● Information provided:
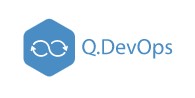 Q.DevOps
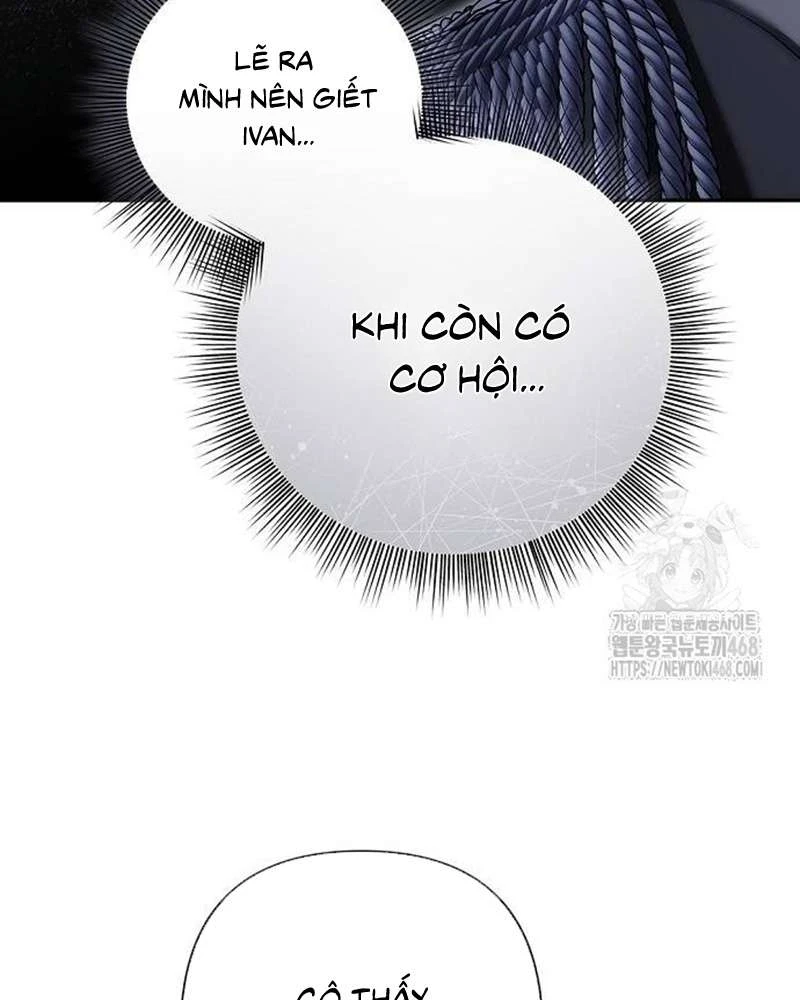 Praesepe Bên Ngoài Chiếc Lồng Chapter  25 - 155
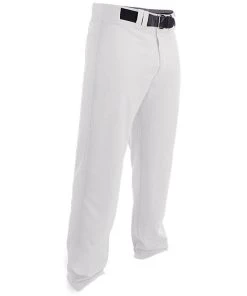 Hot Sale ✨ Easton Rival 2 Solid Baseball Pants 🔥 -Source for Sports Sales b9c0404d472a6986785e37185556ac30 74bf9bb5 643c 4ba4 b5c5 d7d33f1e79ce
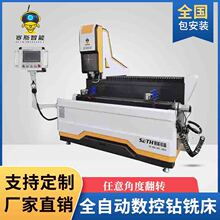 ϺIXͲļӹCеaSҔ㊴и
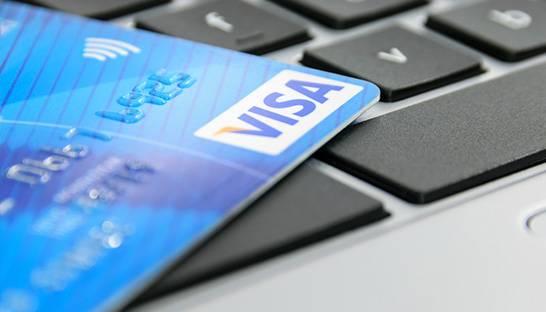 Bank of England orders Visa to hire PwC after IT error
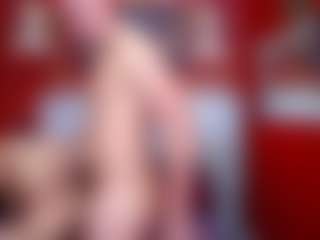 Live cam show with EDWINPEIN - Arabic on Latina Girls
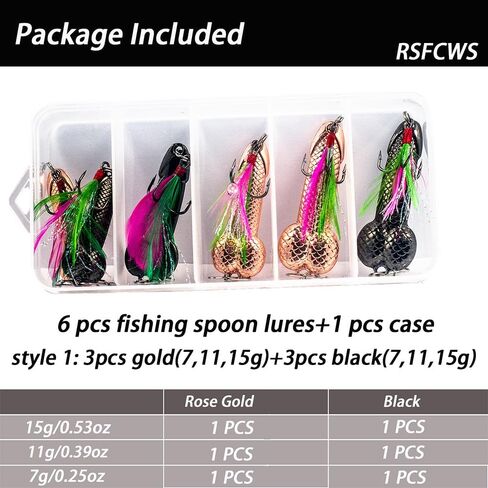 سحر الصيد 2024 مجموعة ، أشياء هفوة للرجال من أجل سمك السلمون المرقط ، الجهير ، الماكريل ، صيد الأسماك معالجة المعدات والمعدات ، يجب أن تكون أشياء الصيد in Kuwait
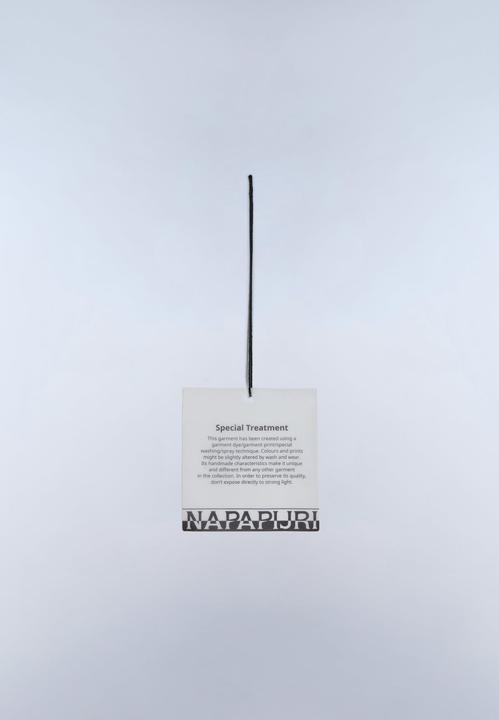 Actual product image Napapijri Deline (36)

● Required work:
Leave out the pictures, and please output only the lines from the line that contains "ϺIXͲļӹCеaSҔ㊴и" through the end of the data, both ends included.

● Written response:
 ϺIXͲļӹCеaSҔ㊴и
 Bank of England orders Visa to hire PwC after IT error
 Live cam show with EDWINPEIN - Arabic on Latina Girls
 سحر الصيد 2024 مجموعة ، أشياء هفوة للرجال من أجل سمك السلمون المرقط ، الجهير ، الماكريل ، صيد الأسماك معالجة المعدات والمعدات ، يجب أن تكون أشياء الصيد in Kuwait
 Actual product image Napapijri Deline (36)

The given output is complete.